Convert user taxa names to those in an official project based name list.

taxa_translate(
  df_user = NULL,
  df_official = NULL,
  df_official_metadata = NULL,
  taxaid_user = "TAXAID",
  taxaid_official_match = NULL,
  taxaid_official_project = NULL,
  taxaid_drop = NULL,
  col_drop = NULL,
  sum_n_taxa_boo = FALSE,
  sum_n_taxa_col = NULL,
  sum_n_taxa_group_by = NULL,
  clean = FALSE,
  match_caps = FALSE
)

Arguments

df_user

User taxa data

df_official

Official project taxa data (master taxa list).

df_official_metadata

Metadata for offiical project taxa data. Included Default is NULL

taxaid_user

Taxonomic identifier in user data. Default is "TAXAID".

taxaid_official_match

Taxonomic identifier in official data user to match with user data. This is not the project taxanomic identifier.

taxaid_official_project

Taxonomic identifier in official data that is specific to a project, e.g., after operational taxonomic unit (OTU) applied.

taxaid_drop

Official taxonomic identifier that signals a record should be dropped; e.g., DNI (Do Not Include) or -999. Default = NULL

col_drop

Columns to remove in output. Default = NULL

sum_n_taxa_boo

Boolean value for if the results should be summarized Default = FALSE

sum_n_taxa_col

Column name for number of individuals for user data when summarizing. This column will be summed. Default = NULL (suggestion = N_TAXA)

sum_n_taxa_group_by

Column names for user data to use for grouping the data when summarizing the user data. Suggestions are SAMPID and TAXA_ID. Default = NULL

clean

Should the taxa have leading and trailing white space removed. Non-braking spaces (e.g., from ITIS) also removed. Default = FALSE

match_caps

Should the matching be performed using ALL CAPS. Default = FALSE

Value

A list with four elements. The first (merge) is the user data frame with additional columns from the official data appended to it. Names from the user data that overlap with the official data have the suffix '_User'. The second element (nonmatch) of the list is a vector of the non-matching taxa from the user data. The third element (metadata) includes the metadata for the official data (if provided). The fourth element (unique) is a data frame of the unique taxa names old and new.

Details

Merges user file with official file. The official file has phylogeny, autecology, and other project specific fields.

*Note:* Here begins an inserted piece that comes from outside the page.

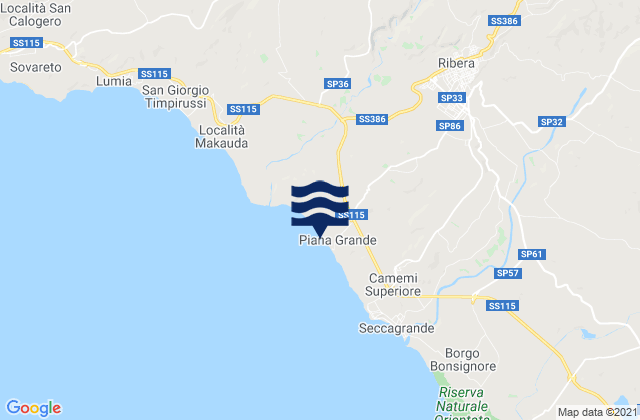 Mapa de mareas Calamonaci, Italy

The inputs for the function uses existing data frames (or tibbles).

Any fields that match between the user file and the official file the official data column name have the 'official' version retained.

The 'col_drop' parameter can be used to remove unwanted columns; e.g., the other taxa id fields in the 'official' data file.

By default, taxa are not collapsed to the official taxaid. That is, if multiple taxa in a sample have the same name the rows will not be combined. If collapsing is desired set the parameter `sum_n_taxa_boo` to TRUE. Will also need to provide `sum_n_taxa_col` and `sum_n_taxa_group_by`.

Slightly different than `qc_taxa` since no options in `taxa_translate` for using one field over another and is more generic.

The parameter `taxaid_drop` is used to drop records that matched to a new name that should not be included in the results. Examples include "999" or "DNI" (Do Not Include). Default is NULL so no action is taken. "NA"s are always removed.

Optional parameter to `clean` the data of leading and trailing white space. Default is FALSE (no action). Not fully implemented.

The optional parameter `match_caps` matches on all upper case (input and official lists). The default is FALSE and matches will be performed without any additional steps for case. Not fully implemented.

The taxa list and metadata file names will be added to the results as two new columns.

Another output is the unique taxa with old and new names.

Examples

# Example 1, PacNW
## Input Parameters
df_user <- data_benthos_PacNW
fn_official <- file.path(system.file("extdata", package = "BioMonTools")
                         , "taxa_official"
                         , "ORWA_TAXATRANSLATOR_20221219.csv")
df_official <- read.csv(fn_official)
fn_official_metadata <- file.path(system.file("extdata"
                                              , package = "BioMonTools")
                                  , "taxa_official"
                      , "ORWA_ATTRIBUTES_METADATA_20221117.csv")
df_official_metadata <- read.csv(fn_official_metadata)
taxaid_user <- "TaxaID"
taxaid_official_match <- "Taxon_orig"
taxaid_official_project <- "OTU_MTTI"
taxaid_drop <- "DNI"
col_drop <- c("Taxon_v2", "OTU_BCG_MariNW") # non desired ID cols in Official
sum_n_taxa_boo <- TRUE
sum_n_taxa_col <- "N_TAXA"
sum_n_taxa_group_by <- c("INDEX_NAME", "INDEX_CLASS", "SampleID", "TaxaID")
## Run Function
taxatrans <- taxa_translate(df_user
                               , df_official
                               , df_official_metadata
                               , taxaid_user
                               , taxaid_official_match
                               , taxaid_official_project
                               , taxaid_drop
                               , col_drop
                               , sum_n_taxa_boo
                               , sum_n_taxa_col
                               , sum_n_taxa_group_by)
#> User taxa match, 221 / 223
#> The following user taxa (2/223) did not match the official taxa list:
#> Eukiefferiella coerulescens/claripennis groups
#> Telmatodrilinae
## View Results
# View(taxatrans$merge)
taxatrans$nonmatch
#>                                           TaxaID N_Taxa_Sum N_Taxa_Count
#> 1 Eukiefferiella coerulescens/claripennis groups          4            1
#> 2                                Telmatodrilinae          1            1
# View(taxatrans$official_metadata)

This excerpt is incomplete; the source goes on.